Albéric de Montgolfier : Si. Par définition, en France, c’est clairement l’exécutif. Le président de la République a décidé de mettre en place «une commission composée de gens indépendants» afin de «déterminer quelle est la meilleure utilisation» de l’hôtel de la Marine. Je m’en réjouis…

Pierre Nora : Il y a là une tradition datant de Louis XIV – de Versailles, en somme. Dans notre Ve République, elle s’est inscrite dans le désir de nos présidents d’incarner leur postérité. De Gaulle songea à s’installer au château de Vincennes, le Centre Pompidou pérennise la mémoire de son successeur, ainsi du musée d’Orsay pour Giscard d’Estaing, de la TGB, de l’Arche, et de la pyramide du Louvre pour Mitterrand – bâtisseur s’il en fut -, du musée du Quai Branly pour Chirac. Nicolas Sarkozy a songé, quant à lui, à un musée de l’Histoire de France. Face aux arts premiers de Chirac, il y avait là quelque chose d’emblématique. Malheureusement, cette décision est intervenue dans une atmosphère de remontée du Front national, laquelle a fait apparaître le concept comme politicien et tactique. Fâcheuse coïncidence. C’est ce sentiment profond d’instrumentalisation de l’Histoire, au lieu de la servir noblement, qui a inspiré la défiance à l’encontre du projet, qui aurait pu s’installer dans un lieu neuf. Par exemple l’île Seguin, dont on avait beaucoup parlé, et pour laquelle Jean Nouvel avait dessiné des plans. Le choix d’une installation aux Archives nationales fut par la suite une manière de botter en touche (il y existait déjà un petit musée d’Histoire de France), mais apparut comme l’invasion d’un terrain déjà occupé – deux grands projets pour une seule maison rappelant un peu les deux peuples pour une seule terre. Résultat : grève absolue aux Archives.

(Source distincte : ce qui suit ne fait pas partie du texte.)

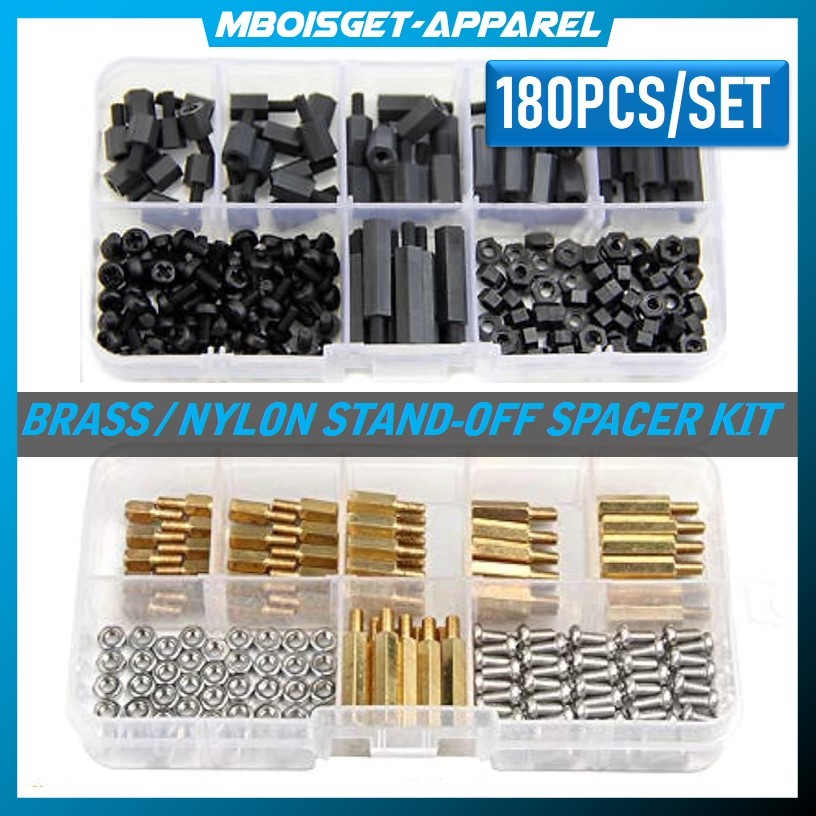 MBOISGET - M3 Nylon Standoffs Hex Spacers Screws Nuts PCB MOTHERBOARD ...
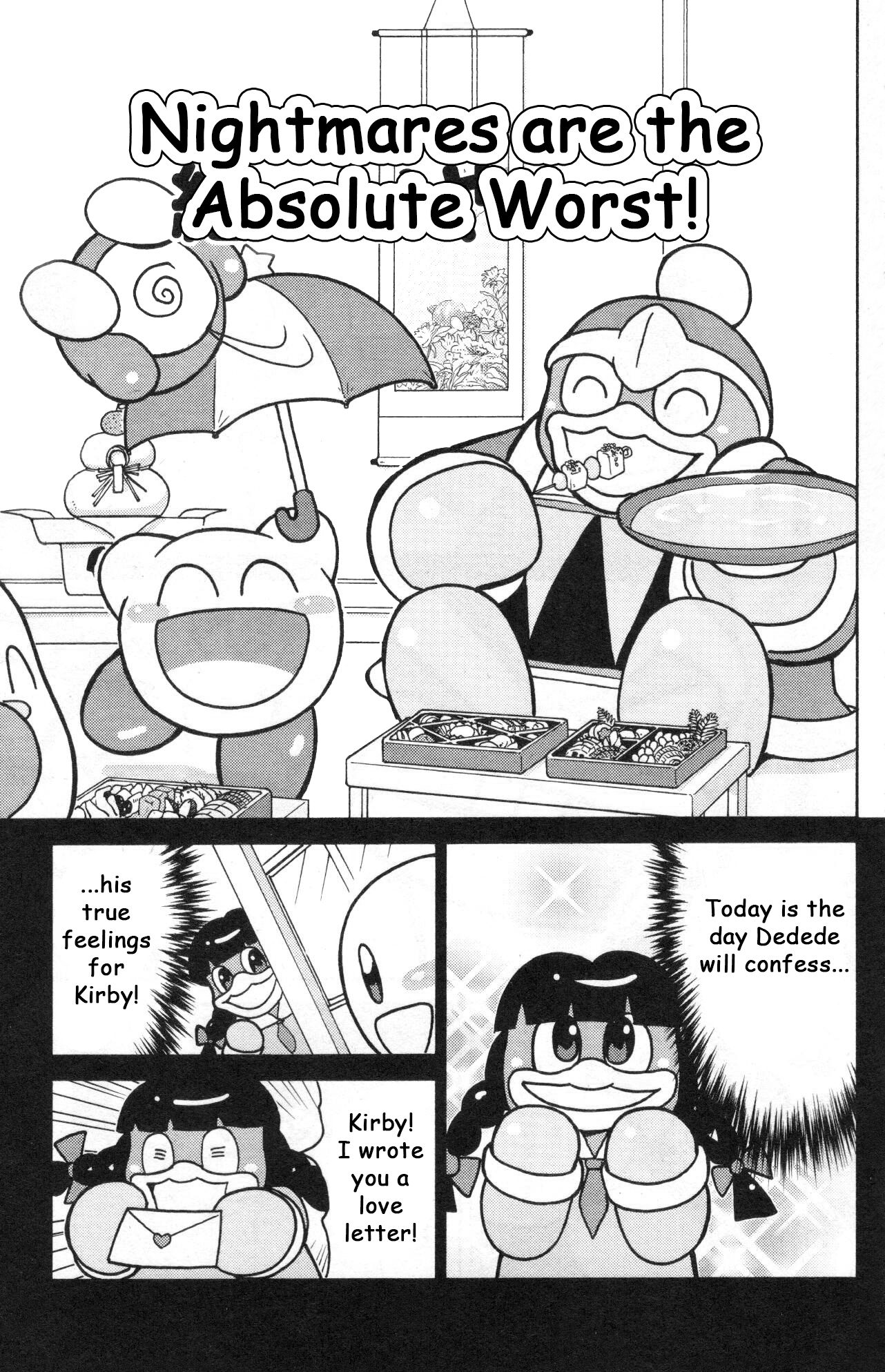 Kirby Of The Stars: Daily Round Diary! Vol.2 Chapter 2: Nightmares Are The Absolute Worst! - Picture 1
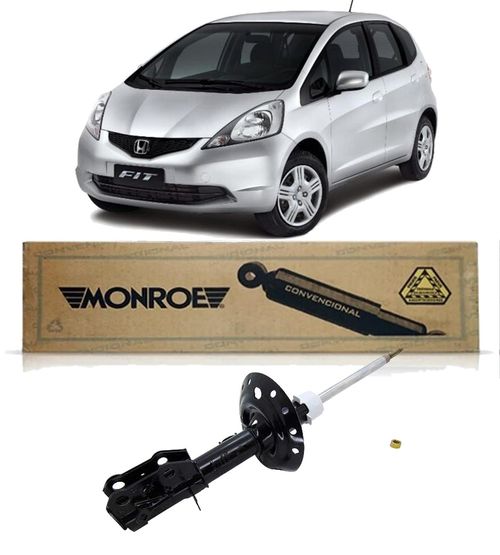 Amortecedor Dianteiro Honda Fit 2009 A 2013 Esquerdo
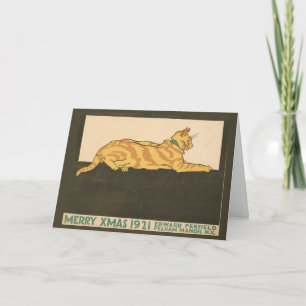 Cat Merry Xmas, 1921 Card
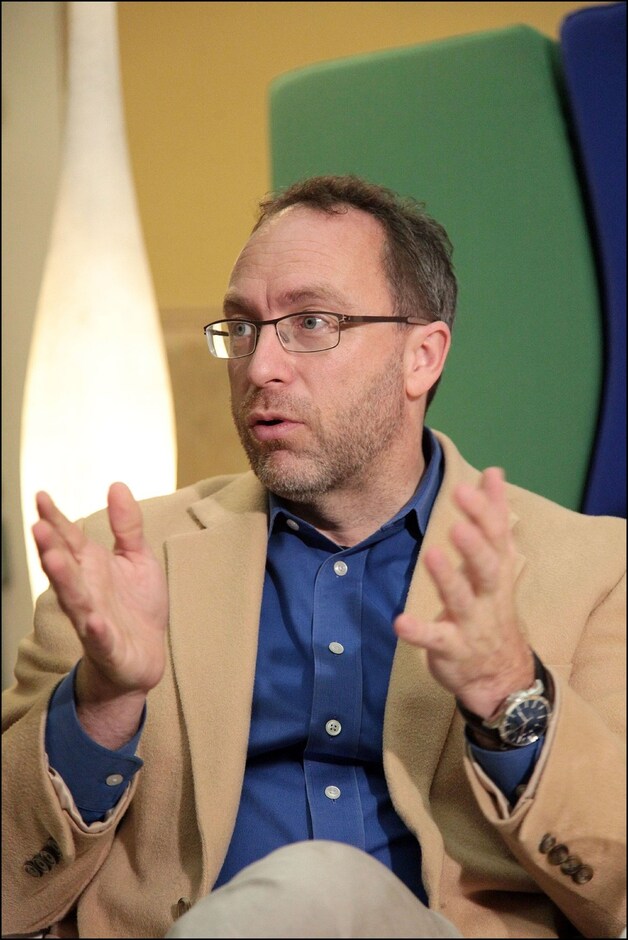 Jimmy Wales, de oprichter van Wikipedia.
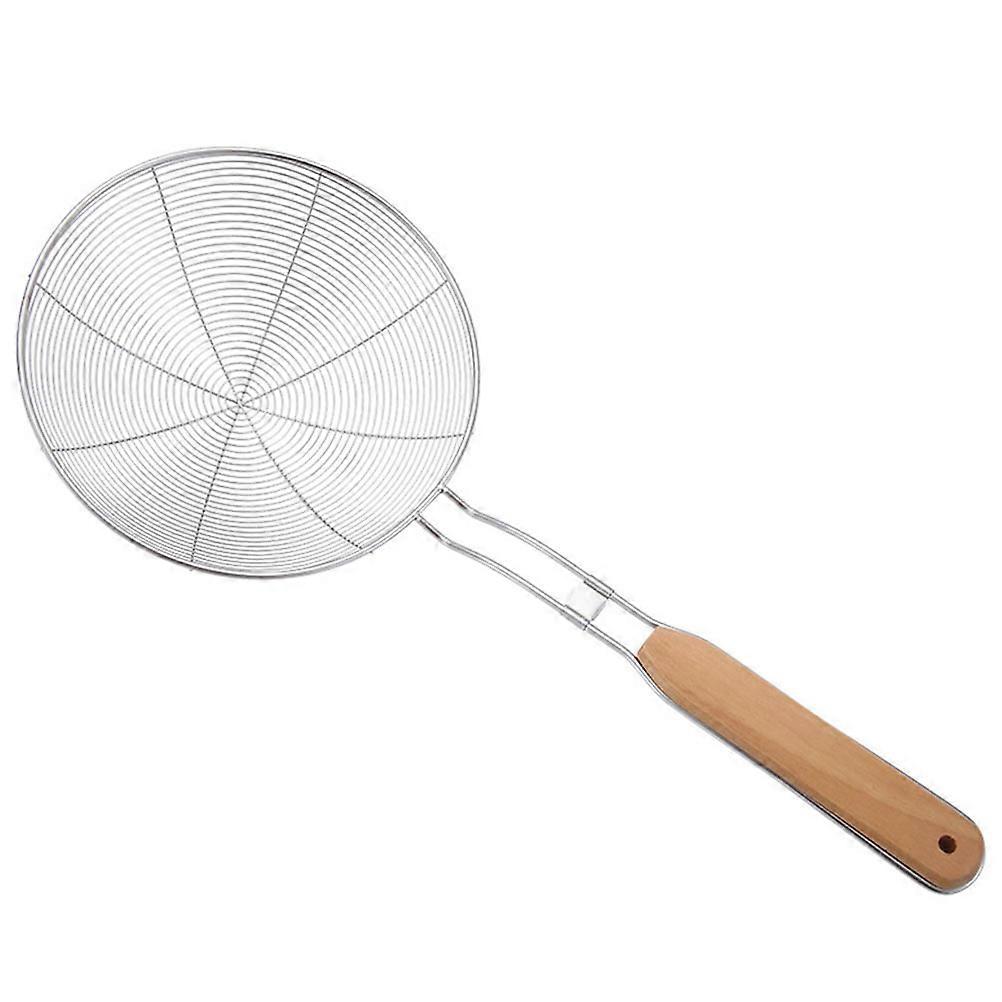 Fried Oil Strainer Strainer Spoon Impurity Filtering Cooking Oil Filter 43.70X18.00X5.00CM Rustproof 1Set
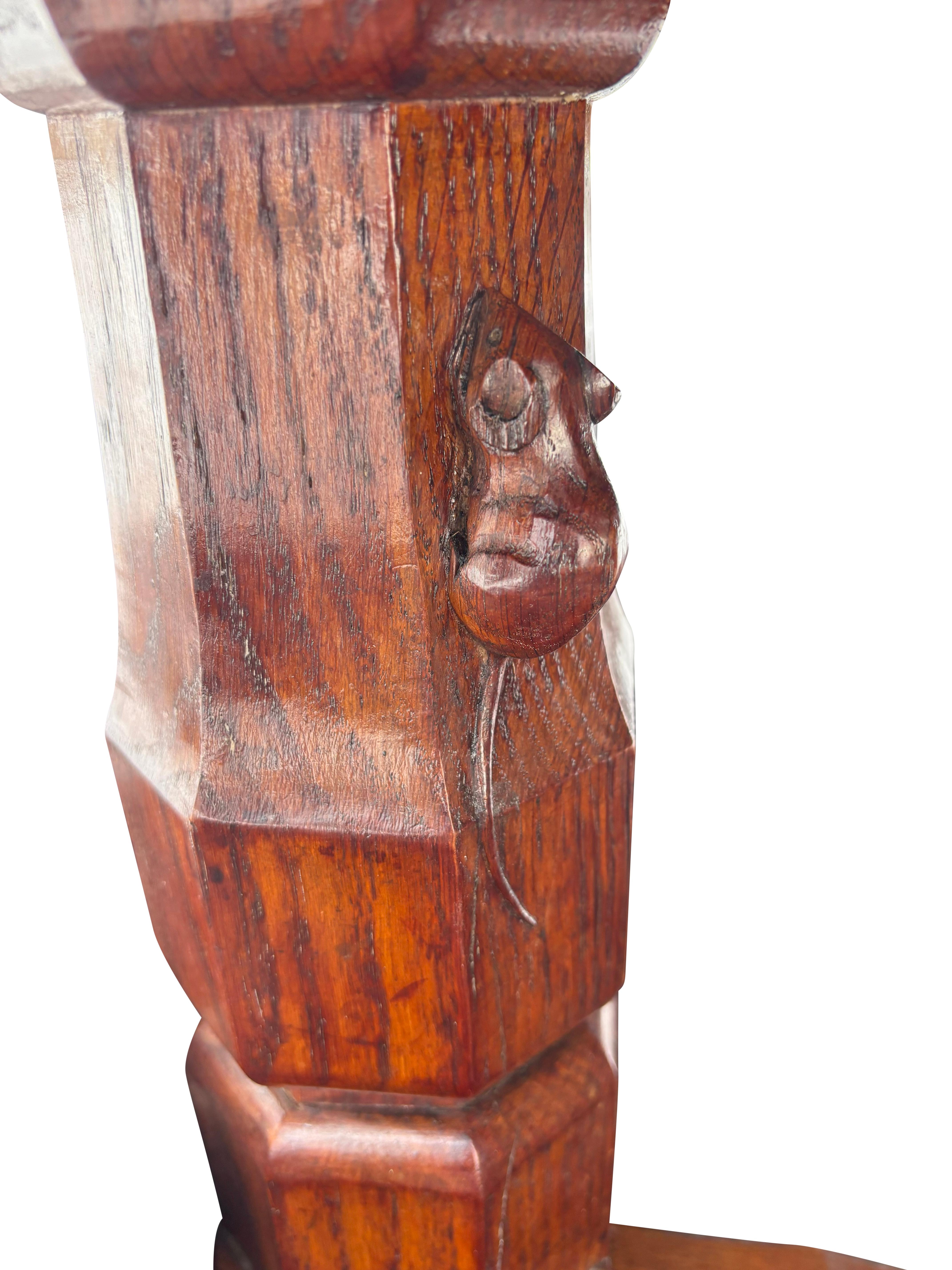 Robert Mouseman Thompson Oak Dining Table For Sale 3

La manière de sortir par le haut de cette impasse serait précisément d’installer le musée de l’Histoire de France à l’hôtel de la Marine. Ils seraient merveilleusement assortis. Musée utilisant les technologies les plus modernes, avec toutes les possibilités du virtuel au service de la connaissance, et cela à destination de la planète entière, mais ancré dans une antenne donnant sur la place de la Concorde, prestigieux enracinement portant la marque du président Sarkozy. L’idée ne peut que remettre en cohésion le devoir de l’Etat face à la mémoire de la nation.

Albéric de Montgolfier : L’avenir nous le dira, la destinée de l’hôtel de la Marine étant entre les mains de la commission indépendante voulue par le chef de l’Etat. Pour ma part, je n’émettrai qu’un souhait, hormis celui de ne pas grever le budget dévolu au patrimoine, c’est que l’on respecte le caractère historique de ces lieux, et qu’ils soient enfin ouverts au public.

Pierre Nora : A condition d’éviter barnum ! Si, comme vous l’avez suggéré dans votre rapport, une partie de l’hôtel devait rester à l’Etat, et l’autre être aliénée, il faudrait au moins que cette dernière et majeure partie des locaux soit totalement isolée de la première. Avec une entrée faubourg Saint-Honoré, et non pas sur la façade de la Concorde. Dès lors, parlons finances, les lieux vaudront beaucoup moins cher. Une acquisition immobilière banalisée ne valant ni plus ni moins que le Royal Monceau, par exemple. Ce qui aurait le mérite de séparer le culturel du commercial, et peut-être d’intéresser un peu moins certains brasseurs d’affaires.

Albéric de Montgolfier : Cela laisse en tout cas de multiples possibilités, alors même que la commission ne s’est pas encore réunie et que les offres ne sont pas encore déposées… Ce débat a un mérite : faire prendre conscience de l’extraordinaire chance pour la France que représente son patrimoine, mais aussi de la nécessité d’y consacrer plus de moyens, publics ou privés, pour mieux le conserver et le valoriser.

Pierre Nora : Concluons ici et maintenant sur son véritable objet : liquider une maison qui, à sa manière, est une leçon d’histoire de France serait une faute grave. Je ne peux ni ne veux y croire. J’en appelle donc au président de la République.